DATASET CONTENT:
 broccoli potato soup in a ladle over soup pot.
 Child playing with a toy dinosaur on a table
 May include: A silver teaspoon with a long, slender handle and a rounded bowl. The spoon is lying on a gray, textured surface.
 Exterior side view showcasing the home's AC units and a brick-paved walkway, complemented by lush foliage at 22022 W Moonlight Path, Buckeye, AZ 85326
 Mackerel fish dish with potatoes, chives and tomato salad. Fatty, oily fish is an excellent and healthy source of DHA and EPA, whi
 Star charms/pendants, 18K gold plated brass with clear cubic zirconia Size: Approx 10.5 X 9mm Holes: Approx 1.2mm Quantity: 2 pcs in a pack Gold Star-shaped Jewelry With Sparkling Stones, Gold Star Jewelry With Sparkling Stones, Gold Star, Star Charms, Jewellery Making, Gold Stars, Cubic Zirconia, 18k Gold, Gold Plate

--

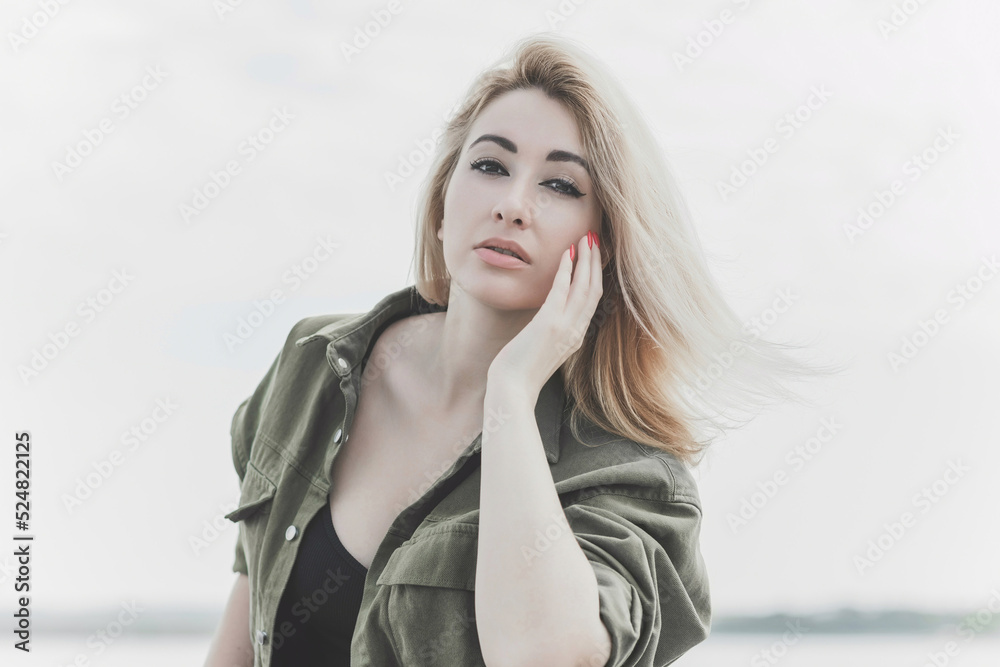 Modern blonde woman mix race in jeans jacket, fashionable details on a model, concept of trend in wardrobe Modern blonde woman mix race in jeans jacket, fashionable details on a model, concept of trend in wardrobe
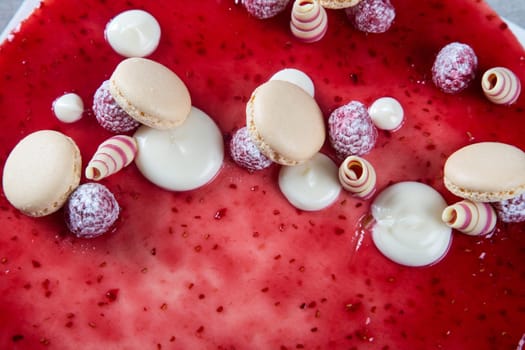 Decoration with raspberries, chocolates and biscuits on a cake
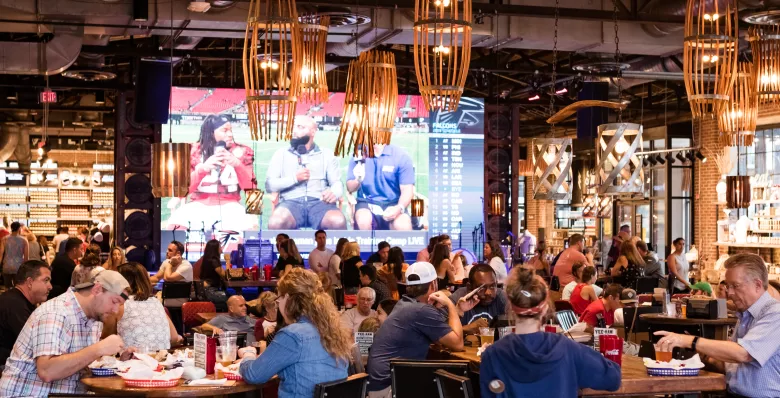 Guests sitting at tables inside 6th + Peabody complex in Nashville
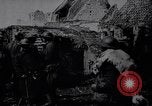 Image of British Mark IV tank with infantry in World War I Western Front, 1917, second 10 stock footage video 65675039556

PROBLEM DETAILS: Using only the entries above, output the line with "broccoli potato soup", the line with "Star charms/pendants, 18K", and all lines between them, exactly as they stand.

REPLY:
 broccoli potato soup in a ladle over soup pot.
 Child playing with a toy dinosaur on a table
 May include: A silver teaspoon with a long, slender handle and a rounded bowl. The spoon is lying on a gray, textured surface.
 Exterior side view showcasing the home's AC units and a brick-paved walkway, complemented by lush foliage at 22022 W Moonlight Path, Buckeye, AZ 85326
 Mackerel fish dish with potatoes, chives and tomato salad. Fatty, oily fish is an excellent and healthy source of DHA and EPA, whi
 Star charms/pendants, 18K gold plated brass with clear cubic zirconia Size: Approx 10.5 X 9mm Holes: Approx 1.2mm Quantity: 2 pcs in a pack Gold Star-shaped Jewelry With Sparkling Stones, Gold Star Jewelry With Sparkling Stones, Gold Star, Star Charms, Jewellery Making, Gold Stars, Cubic Zirconia, 18k Gold, Gold Plate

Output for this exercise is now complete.